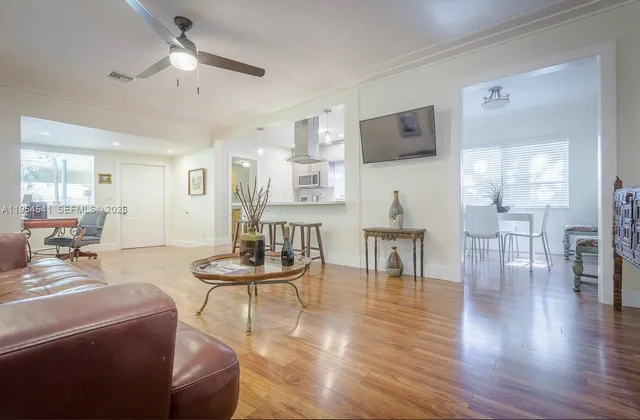 a living room with furniture kitchen view and a wooden floor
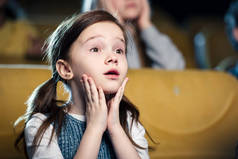 在电影院看电影的可爱的担心的孩子的选择性焦点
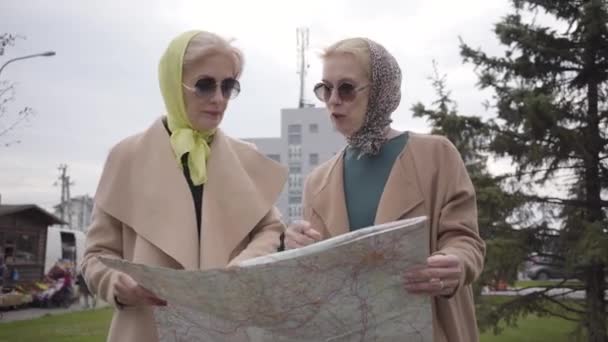 Дві зрілі жінки в хустках і сонцезахисних окулярах тримають карту і розмовляють. Старші леді подорожують після виходу на пенсію разом . — стокове відео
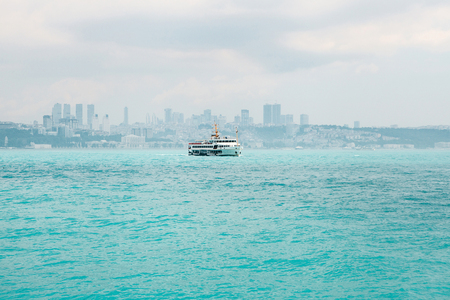 The ship sails along the blue water of the Bosphorus against the backdrop of a beautiful view of the European part of Istanbul. Scenic panoramic view. Travel, vacation.の写真素材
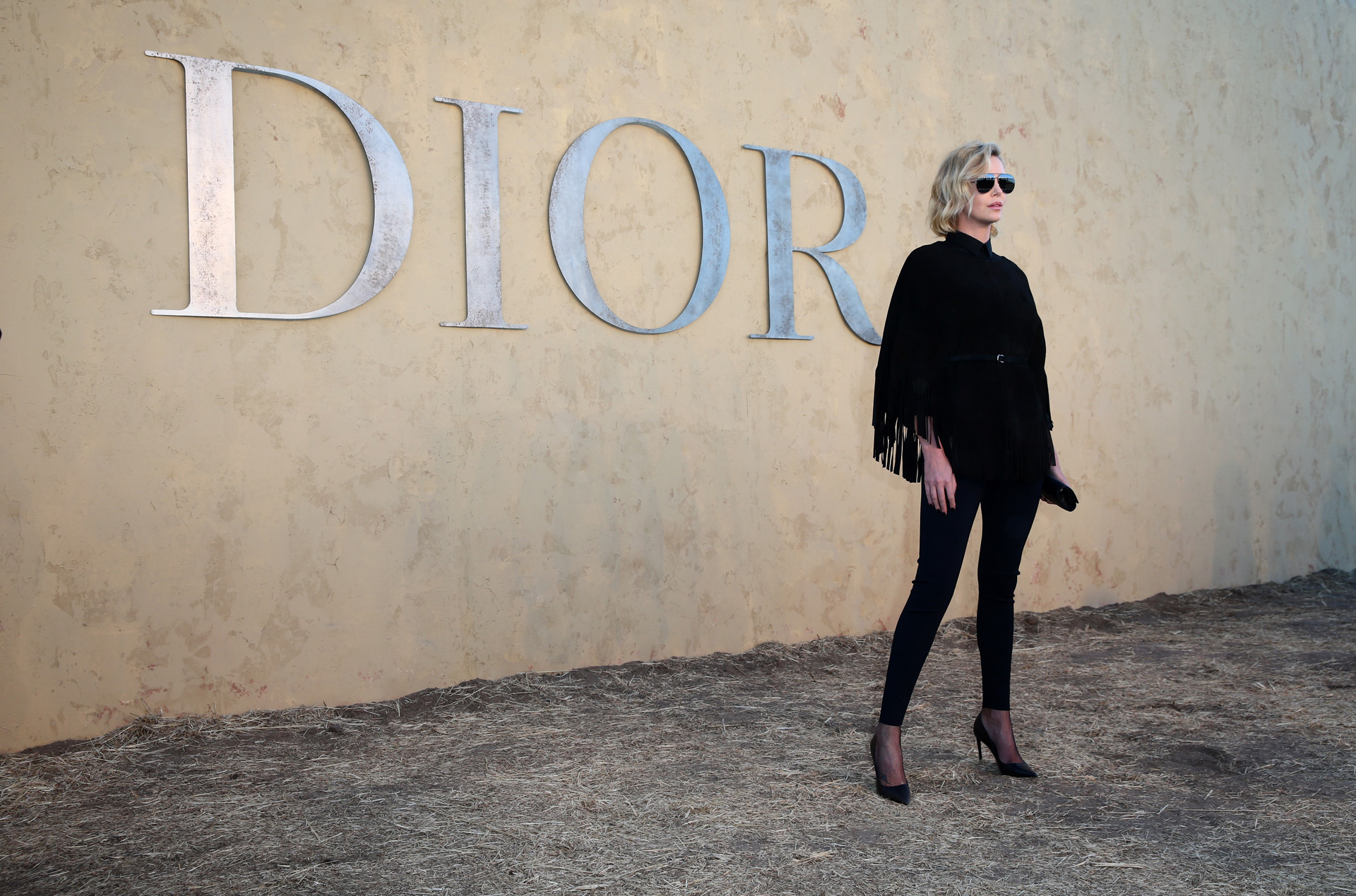 La actriz Charlize Theron, presente en el desfile Crucero 2018 (Photo by Rich Fury/Getty Images)
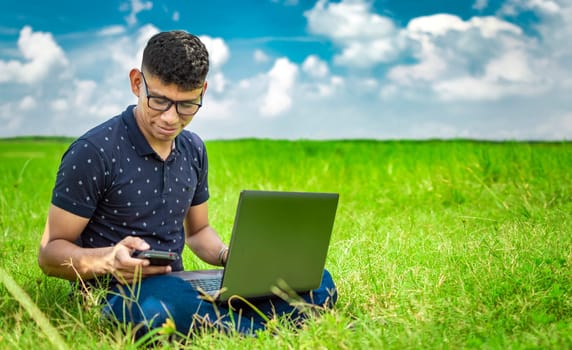 Young man in glasses working on his laptop, man in the field with his computer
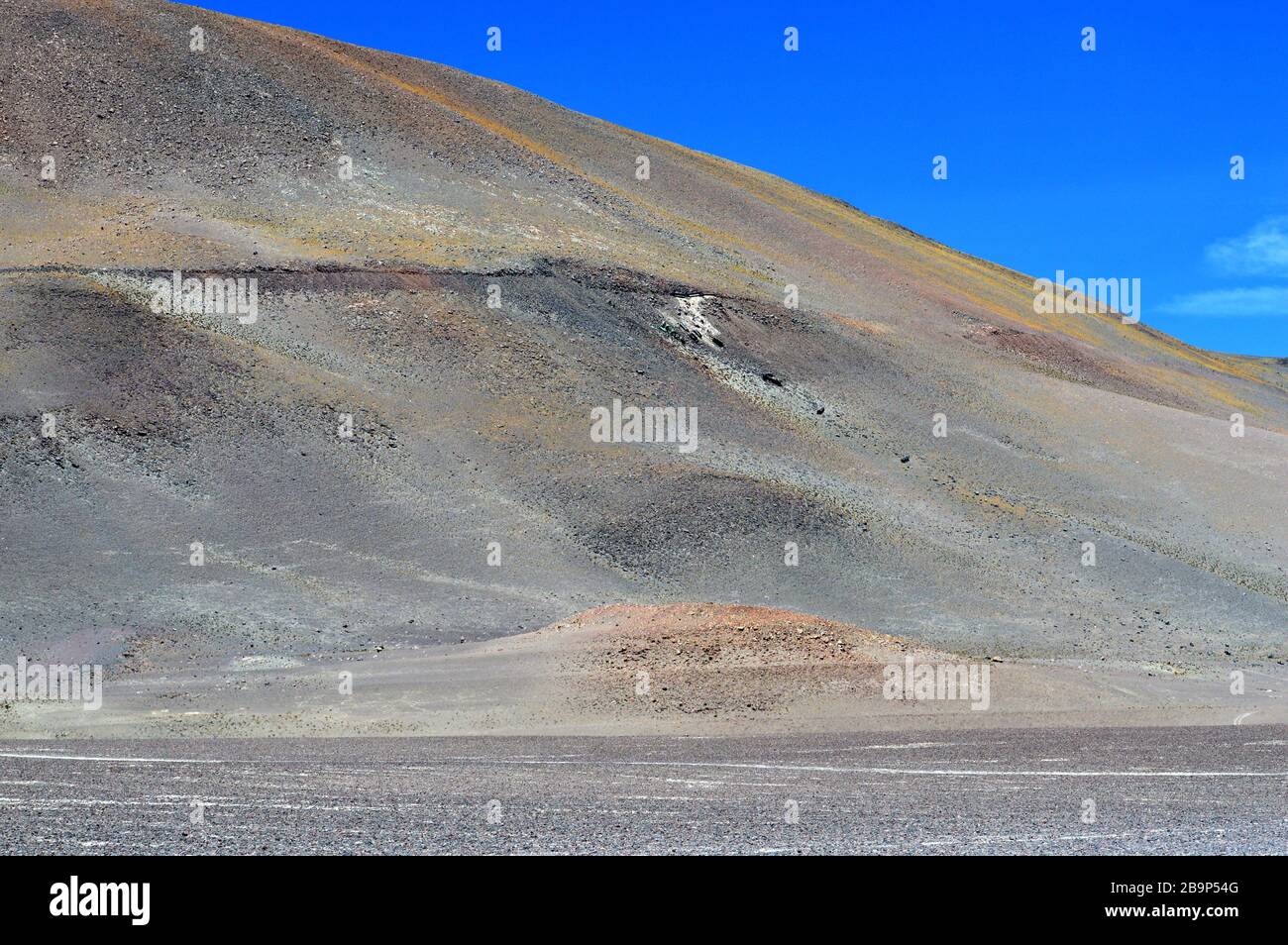 Remains of the railway accident in the 'train to the clouds' in 1996 front of the Socompa lagoon. Salta province, Argentina. Stock Photo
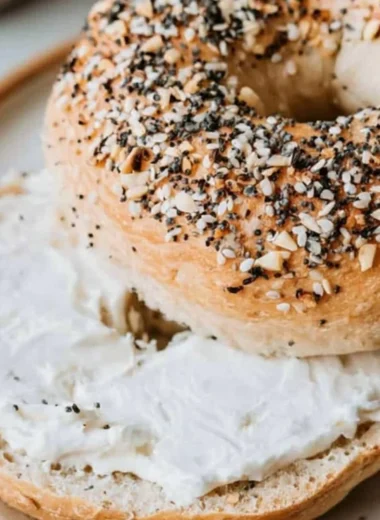 Freshly baked cozy sourdough bagels on a wooden table.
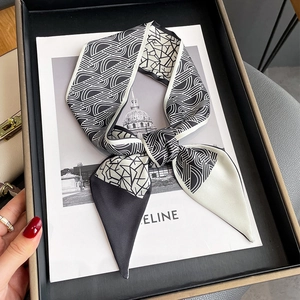 Détail d'un foulard en soie géométrique noir et blanc avec des pointes en biais sur revue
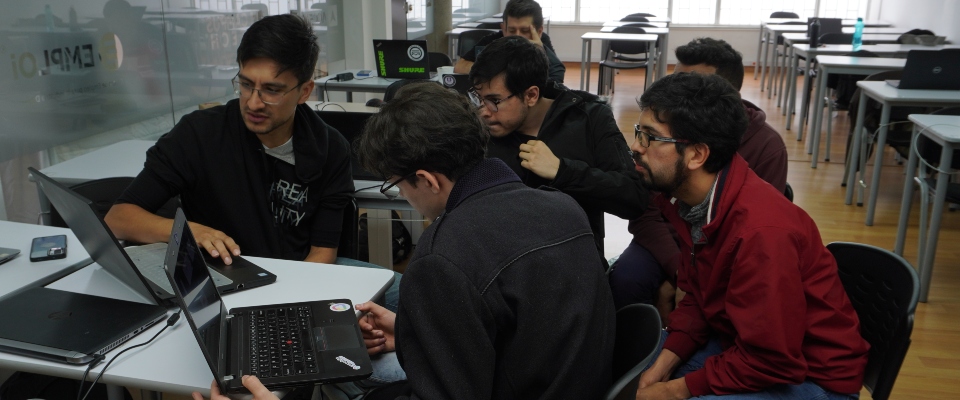 Foto de un grupo de hombres observando un computador Foto de un grupo de hombres observando un computador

:::::

Your objective: Pictures appear in the records above. Output everything except them, exactly.

Result for this task:
 a living room with furniture kitchen view and a wooden floor
 在电影院看电影的可爱的担心的孩子的选择性焦点
 Дві зрілі жінки в хустках і сонцезахисних окулярах тримають карту і розмовляють. Старші леді подорожують після виходу на пенсію разом . — стокове відео
 The ship sails along the blue water of the Bosphorus against the backdrop of a beautiful view of the European part of Istanbul. Scenic panoramic view. Travel, vacation.の写真素材
 La actriz Charlize Theron, presente en el desfile Crucero 2018 (Photo by Rich Fury/Getty Images)
 Young man in glasses working on his laptop, man in the field with his computer
 Remains of the railway accident in the 'train to the clouds' in 1996 front of the Socompa lagoon. Salta province, Argentina. Stock Photo
 Freshly baked cozy sourdough bagels on a wooden table.
 Détail d'un foulard en soie géométrique noir et blanc avec des pointes en biais sur revue
 Foto de un grupo de hombres observando un computador Foto de un grupo de hombres observando un computador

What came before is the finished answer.